El Madrid: La era Real

Ganar la Champions de manera consecutiva no me parece proeza menor. Marca un hito en la historia del futbol mundial. Y el Real Madrid, atento a todos los instrumentos de la orquesta, lo ha logrado gracias a la sinergia de un grupo de futbolistas dirigidos por el sapiente estratega de la mirada aquilina: Zinedine Zidane, un ex futbolista quien, por cierto, perdiera hace ya muchos años la final con el Juventus y contra el Madrid, en Ámsterdam (1998).

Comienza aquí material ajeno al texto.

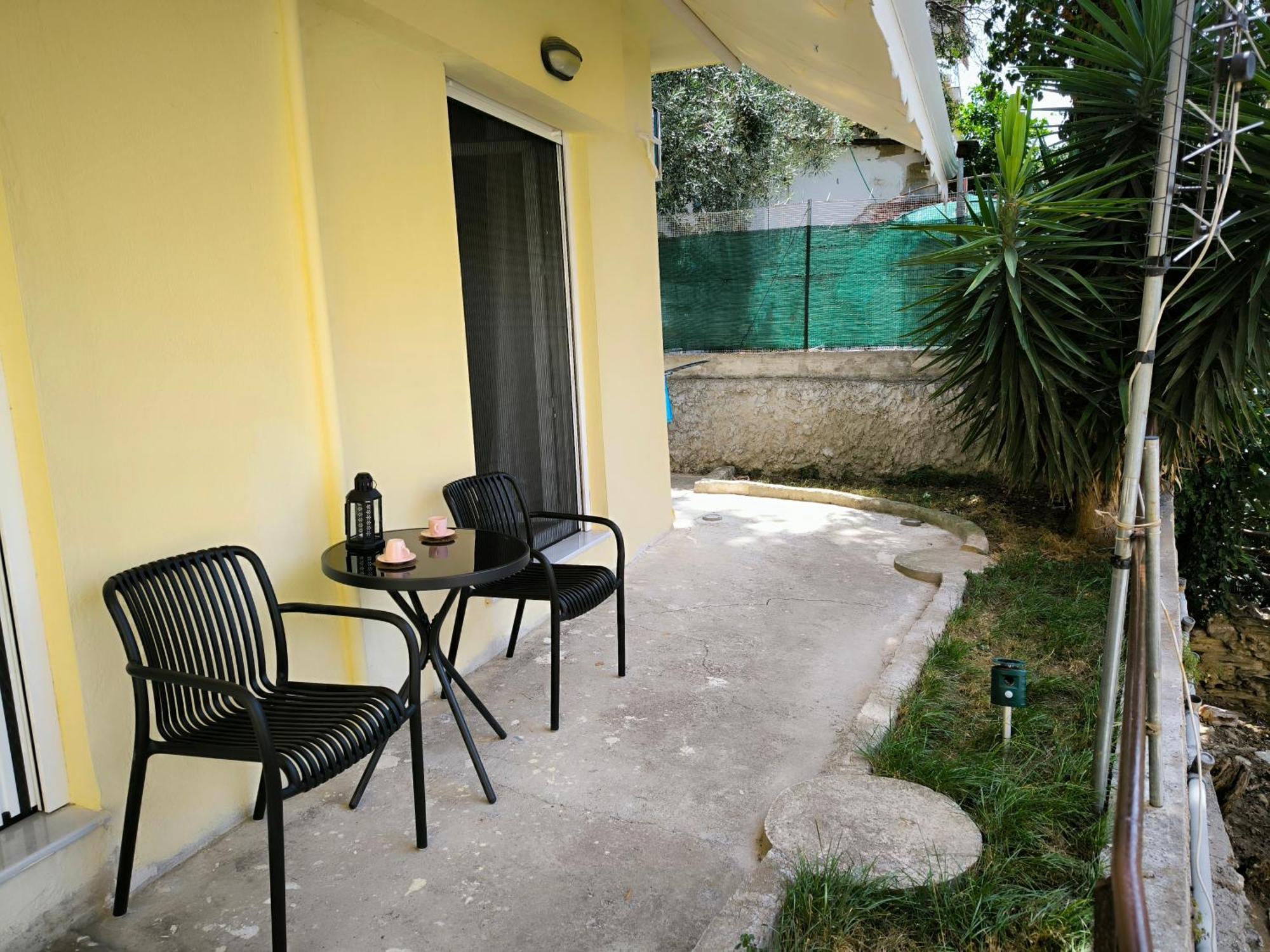 Port View, Veranda, 80 Sqm, Spacious Place For 6 Apartment Thessaloniki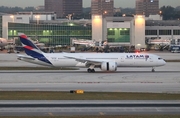 LATAM Airlines Chile Boeing 787-9 Dreamliner (CC-BGB) at  Miami - International, United States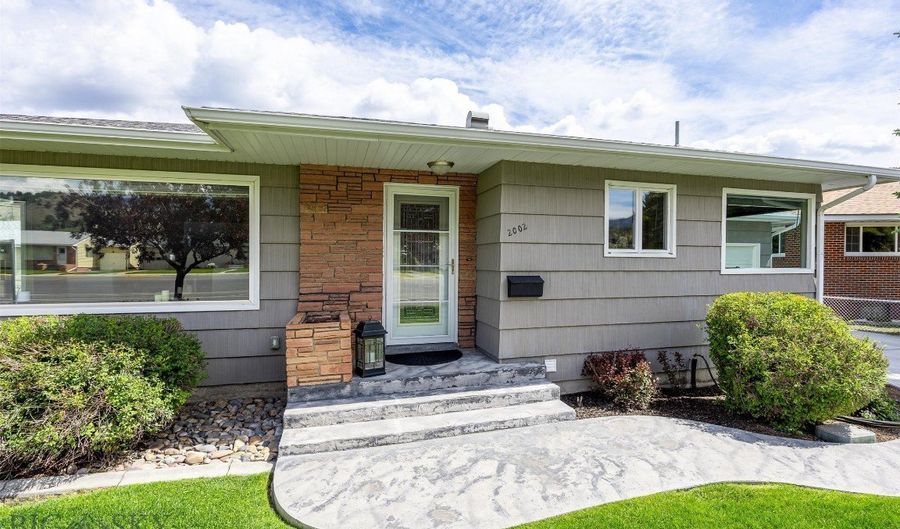 2002 W Park, Anaconda, MT 59711 - 3 Beds, 1 Bath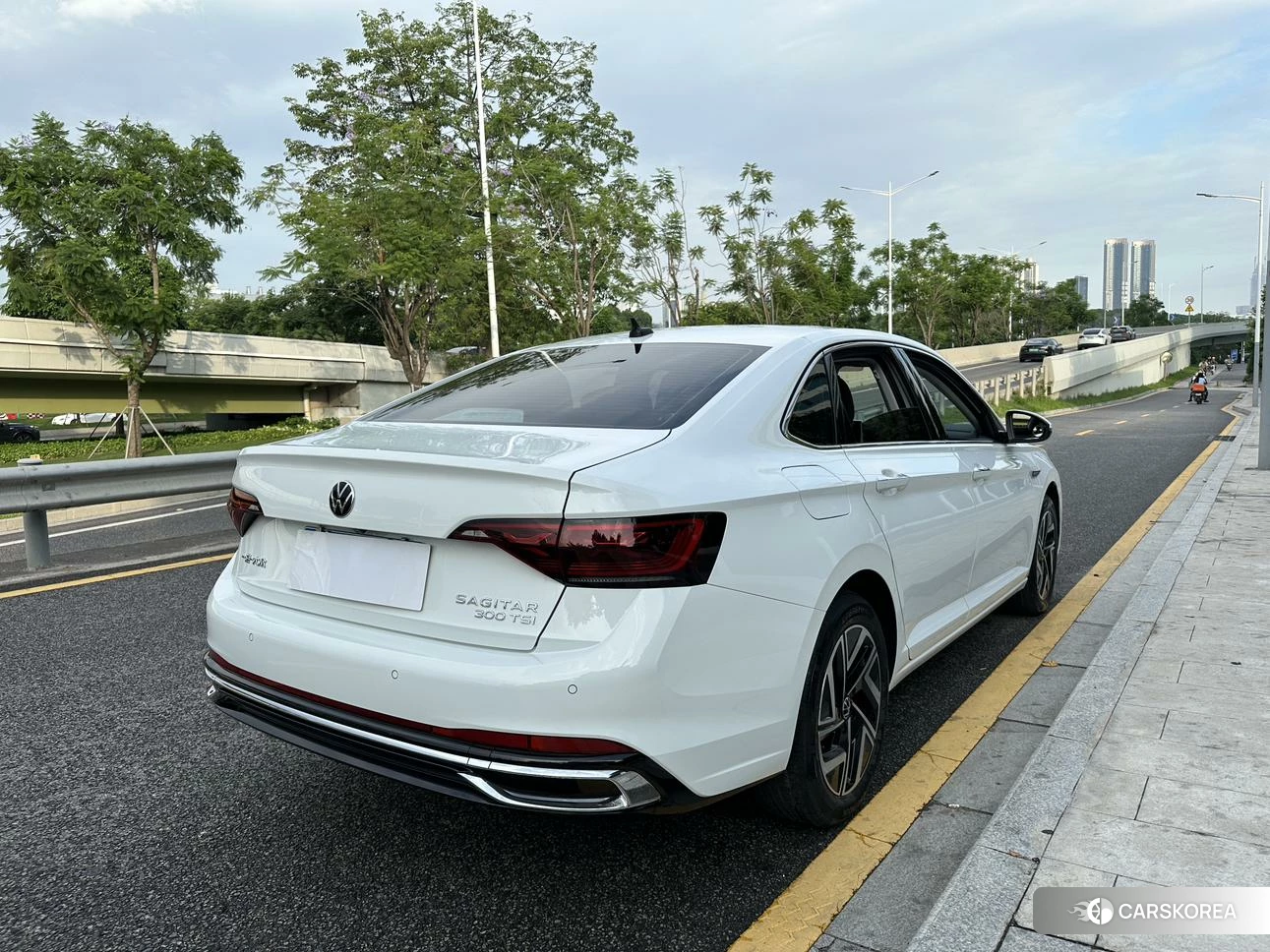 Volkswagen Sagitar id 4453153 из Китая 12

En esa final el yugo Mijátovic, tras un zapatazo de Roberto Carlos que se estrelló en el muro defensivo, se quitó al arquero con un paso de ballet dueño de un señorío y de una elegancia impares. Y el gol se lo dedicó a su hijo, quien entonces padecía el rigor de la hidrocefalia.

Pero volvamos al partido de la final. Del mismo modo que entre round y round se pueden ganar los combates boxísticos, en el futbol las enseñanzas de medio tiempo, las admoniciones y los regaños, juegan un papel fundamental, pero también las líneas de la estrategia para cambiar la órbita del destino de cada juego. Y esto fue lo que ocurrió en la justa decisiva: porque el primer tiempo había sido parejísimo, de nervio trabado, tenso y con magistrales pinceladas de verdaderos artistas (el gol de la Juventus fue un poema exponencial, de belleza superlativa).

En el segundo tiempo el Madrid se juró a sí mismo cincelar las páginas más bellas del futbol europeo. Y el concierto incluyó dianas de Cristiano (doblete), Casemiro y, en la franja crepuscular, Asensio.

La Juve, desencuadernada, sufrió una terrible goliza ante el desconcierto del, quizá y sin quizá, mejor arquero en el entrecruce de los siglos XX y XXI: el incombustible Gigi Buffon. Ahora se entreabre la puerta hacia una tercera Champions al hilo. Zidane lo sabe. Y La era Real es más que un bello palíndromo.